Would you restate every entry that follows, word for word, and leave out the pictures?

──────── Information shown ────────

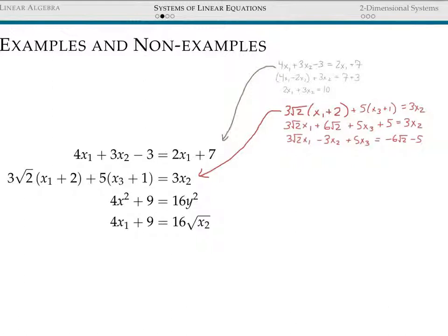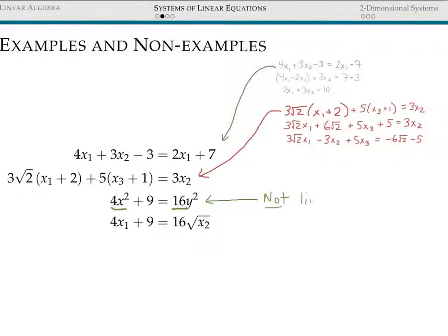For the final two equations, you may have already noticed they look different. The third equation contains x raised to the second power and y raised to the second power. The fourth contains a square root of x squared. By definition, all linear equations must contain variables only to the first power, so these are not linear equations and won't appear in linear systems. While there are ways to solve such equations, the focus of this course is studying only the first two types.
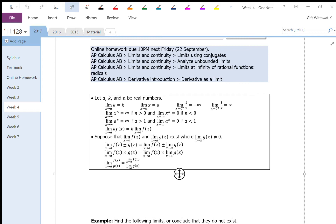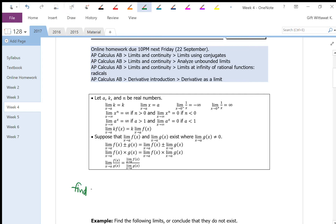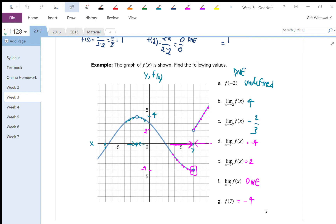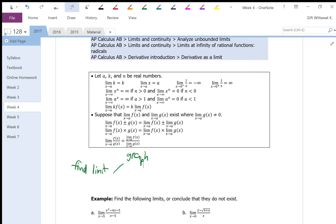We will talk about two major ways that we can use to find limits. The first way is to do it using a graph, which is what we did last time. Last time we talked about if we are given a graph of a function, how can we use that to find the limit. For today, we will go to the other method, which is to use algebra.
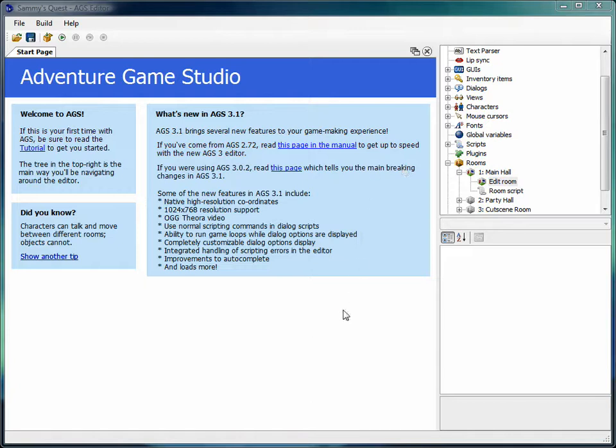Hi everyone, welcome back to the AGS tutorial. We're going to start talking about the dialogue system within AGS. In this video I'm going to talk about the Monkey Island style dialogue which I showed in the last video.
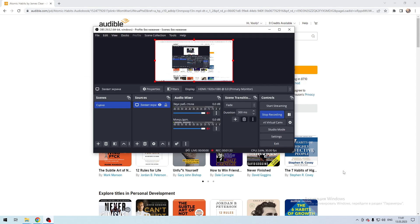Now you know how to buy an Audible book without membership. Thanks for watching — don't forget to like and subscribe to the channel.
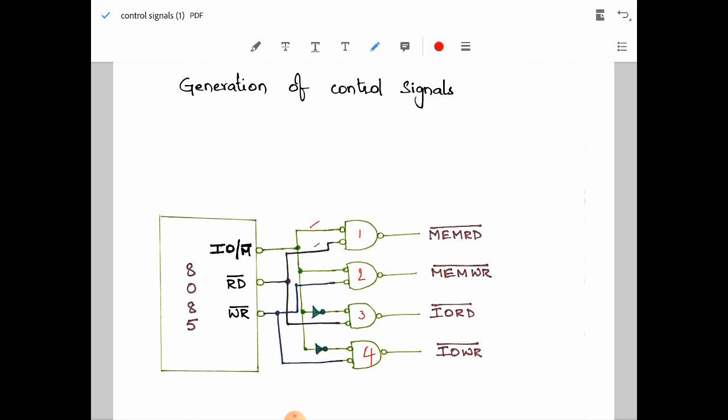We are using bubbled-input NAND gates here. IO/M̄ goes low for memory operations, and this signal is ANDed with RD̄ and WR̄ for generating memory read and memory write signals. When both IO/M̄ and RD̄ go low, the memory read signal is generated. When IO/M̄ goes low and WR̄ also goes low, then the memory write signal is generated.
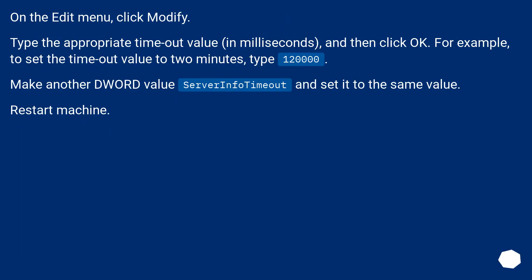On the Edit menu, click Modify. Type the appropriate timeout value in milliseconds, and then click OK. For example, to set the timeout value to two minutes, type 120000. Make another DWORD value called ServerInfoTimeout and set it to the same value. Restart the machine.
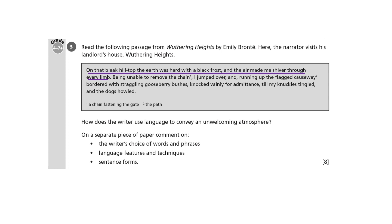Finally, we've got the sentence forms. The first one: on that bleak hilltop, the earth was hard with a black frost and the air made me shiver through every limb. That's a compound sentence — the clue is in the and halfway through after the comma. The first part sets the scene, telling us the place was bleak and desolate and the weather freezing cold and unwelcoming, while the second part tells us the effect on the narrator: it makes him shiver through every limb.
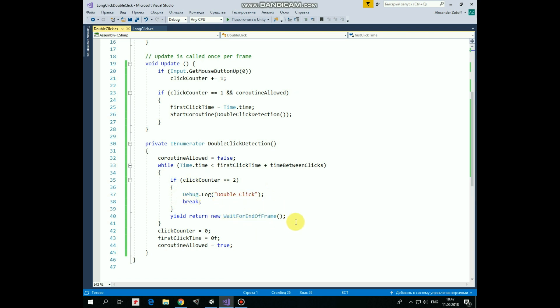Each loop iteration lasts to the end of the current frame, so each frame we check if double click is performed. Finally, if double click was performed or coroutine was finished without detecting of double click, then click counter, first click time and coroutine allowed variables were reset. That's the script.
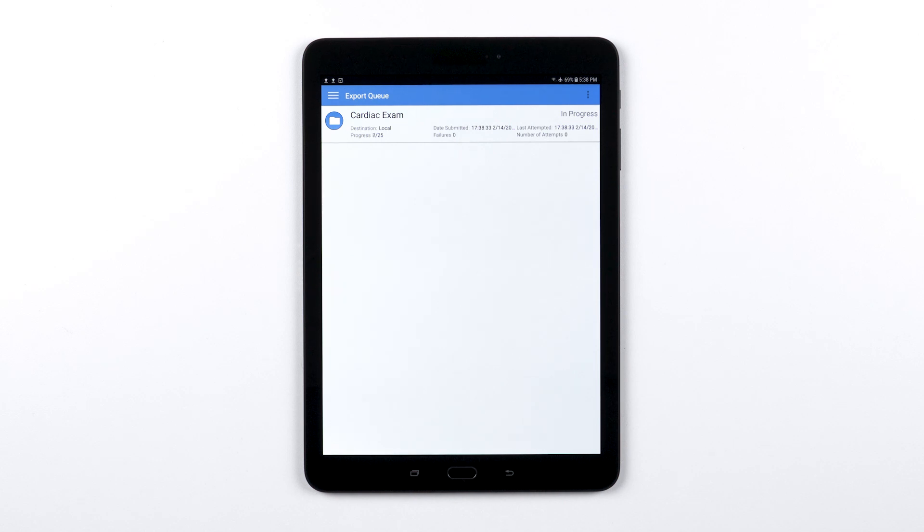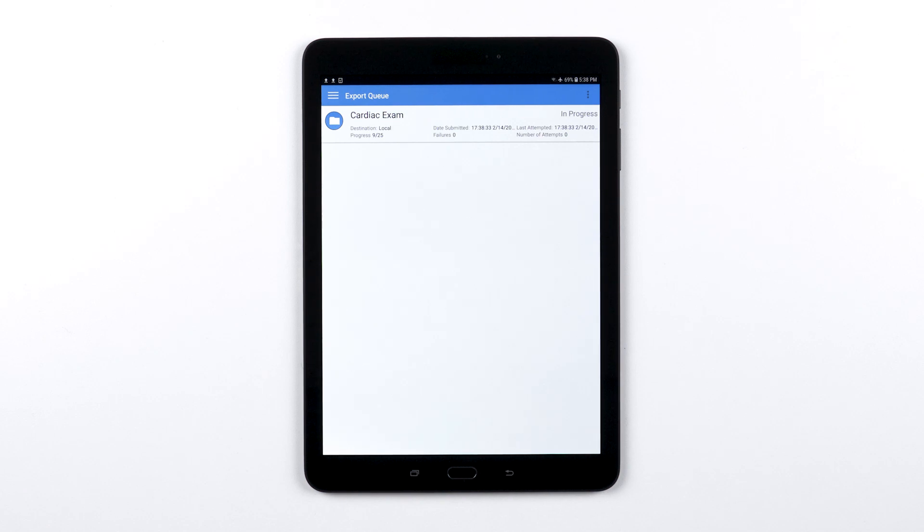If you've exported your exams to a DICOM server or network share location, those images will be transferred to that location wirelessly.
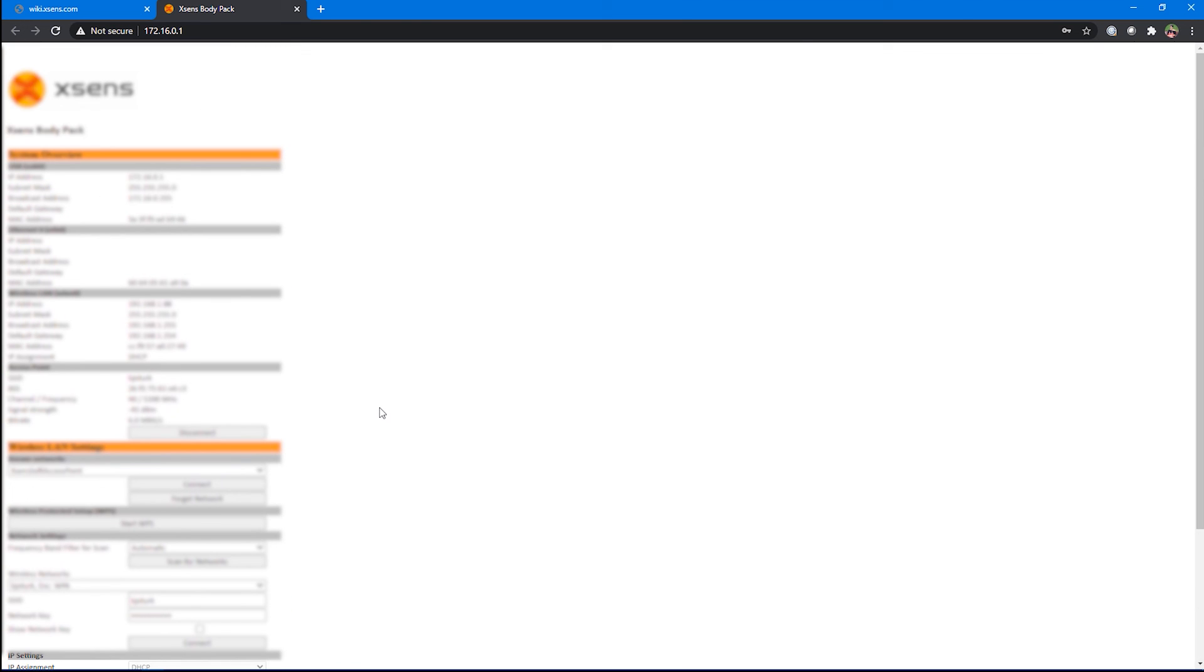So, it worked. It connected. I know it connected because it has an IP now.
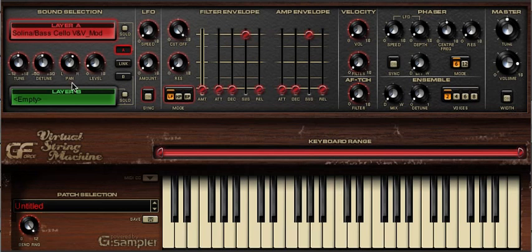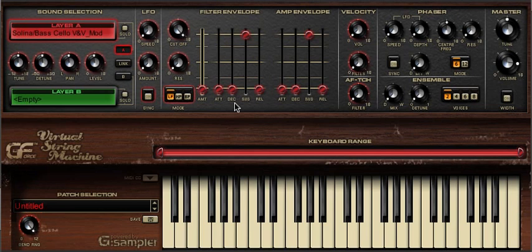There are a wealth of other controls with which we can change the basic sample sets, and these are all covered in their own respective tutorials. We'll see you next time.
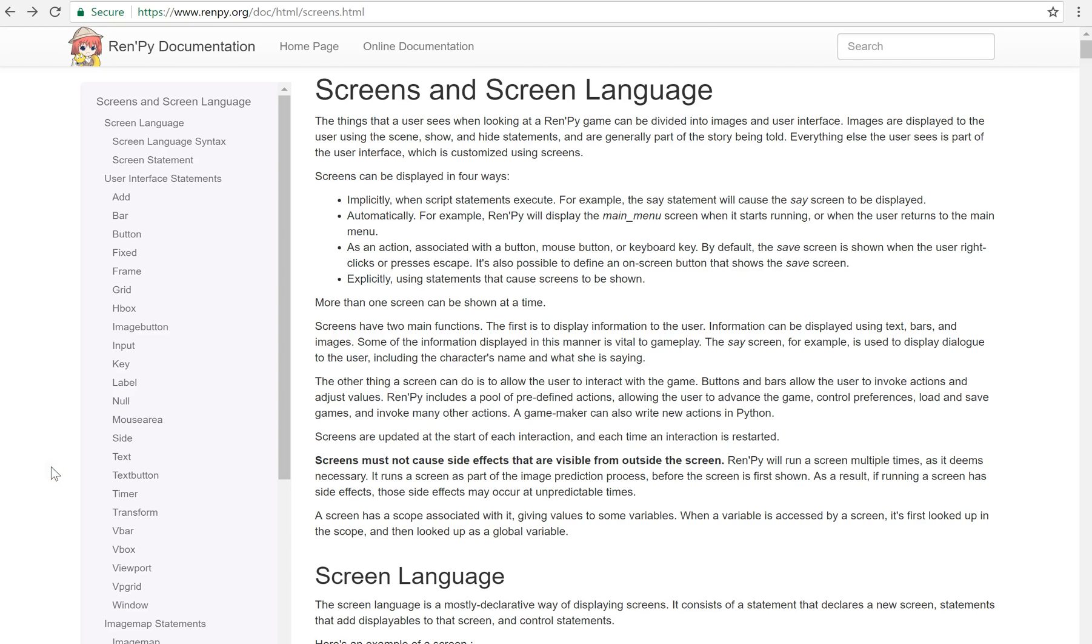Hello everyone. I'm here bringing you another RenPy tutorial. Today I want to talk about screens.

────────

--- Result ---
For the final two equations, you may have already noticed they look different. The third equation contains x raised to the second power and y raised to the second power. The fourth contains a square root of x squared. By definition, all linear equations must contain variables only to the first power, so these are not linear equations and won't appear in linear systems. While there are ways to solve such equations, the focus of this course is studying only the first two types.
We will talk about two major ways that we can use to find limits. The first way is to do it using a graph, which is what we did last time. Last time we talked about if we are given a graph of a function, how can we use that to find the limit. For today, we will go to the other method, which is to use algebra.
Hi everyone, welcome back to the AGS tutorial. We're going to start talking about the dialogue system within AGS. In this video I'm going to talk about the Monkey Island style dialogue which I showed in the last video.
Now you know how to buy an Audible book without membership. Thanks for watching — don't forget to like and subscribe to the channel.
We are using bubbled-input NAND gates here. IO/M̄ goes low for memory operations, and this signal is ANDed with RD̄ and WR̄ for generating memory read and memory write signals. When both IO/M̄ and RD̄ go low, the memory read signal is generated. When IO/M̄ goes low and WR̄ also goes low, then the memory write signal is generated.
On the Edit menu, click Modify. Type the appropriate timeout value in milliseconds, and then click OK. For example, to set the timeout value to two minutes, type 120000. Make another DWORD value called ServerInfoTimeout and set it to the same value. Restart the machine.
Finally, we've got the sentence forms. The first one: on that bleak hilltop, the earth was hard with a black frost and the air made me shiver through every limb. That's a compound sentence — the clue is in the and halfway through after the comma. The first part sets the scene, telling us the place was bleak and desolate and the weather freezing cold and unwelcoming, while the second part tells us the effect on the narrator: it makes him shiver through every limb.
Each loop iteration lasts to the end of the current frame, so each frame we check if double click is performed. Finally, if double click was performed or coroutine was finished without detecting of double click, then click counter, first click time and coroutine allowed variables were reset. That's the script.
If you've exported your exams to a DICOM server or network share location, those images will be transferred to that location wirelessly.
So, it worked. It connected. I know it connected because it has an IP now.
There are a wealth of other controls with which we can change the basic sample sets, and these are all covered in their own respective tutorials. We'll see you next time.
Hello everyone. I'm here bringing you another RenPy tutorial. Today I want to talk about screens.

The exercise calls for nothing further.